Phakoemulsification is used in this technique to remove the nucleus. The instruments used for this are now more efficient, easier to handle, small and cheaper, from atleast the Western standards. The advantage of foldable lenses is that they allow insertion through a small opening which gives rise to less post-operative trauma and astigmatism. Silicon, hydrogel and compressible polymethyl implants are being tried, but it has not yet become popular because of certain limitations.
Significant changes have been made in the techniques of anterior capsulotomy. Instead of the can opener method horizontal incisions are now made. The lenses are introduced 'inter-capsular' or in an 'enveloping' method. Now a clear cut round hole in the anterior capsule has been described, namely capsulorhexis. By this method irregular edges of the capsule and decentration of the lens are avoided.
Studies are still going on, on two important aspects - one to find out how to avoid thickening and after Cataract formation in the capsular bag. Chemicals, enzymes, sand blasted cannulas, ultrasonic cleaners and lasers are being tried to clean the capsular bag off epithelial cells. We are yet to find a solution to this.
The second aspect is how to maintain accommodation.

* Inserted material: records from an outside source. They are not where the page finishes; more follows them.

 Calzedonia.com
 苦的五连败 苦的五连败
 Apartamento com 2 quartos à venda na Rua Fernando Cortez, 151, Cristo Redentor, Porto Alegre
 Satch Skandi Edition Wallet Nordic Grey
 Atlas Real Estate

Refilling of the capsule with a silicon balloon which might give a certain amount of accommodation is being tried. The experiments have been successfully tried in animals by Okihiro Nishi of Japan. But suturing of the capsule has been found to be difficult in human beings.
Yag Lasers have become a boon for opening up holes in the thickened capsules, avoiding needling. This non invasive method of surgery is becoming popular because it can be done as an out patient procedure and without local injections.

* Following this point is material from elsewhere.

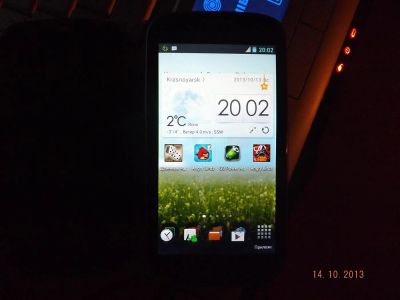 Лот: 3275833. Фото: 1. Samsung Galaxy S3, Качественный... Смартфоны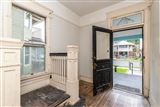 Click for a larger image! Historic real estate listing for sale in Jacksonville, FL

Though extra capsular versus intra capsular extraction is still a controversy, more and more surgeons are switching over to excellent extra capsular extractions under microscopes, giving good post-operative results with lesser post-operative complications especially retinal detachments.
Judging from the phenomenal changes which have taken place in the last decade or so in cataract and IOL surgeries, we can certainly hope that the new decade and the early next century will usher in a veritable revolution in this field - perhaps a new or a near natural replacement or transplantation of the lens.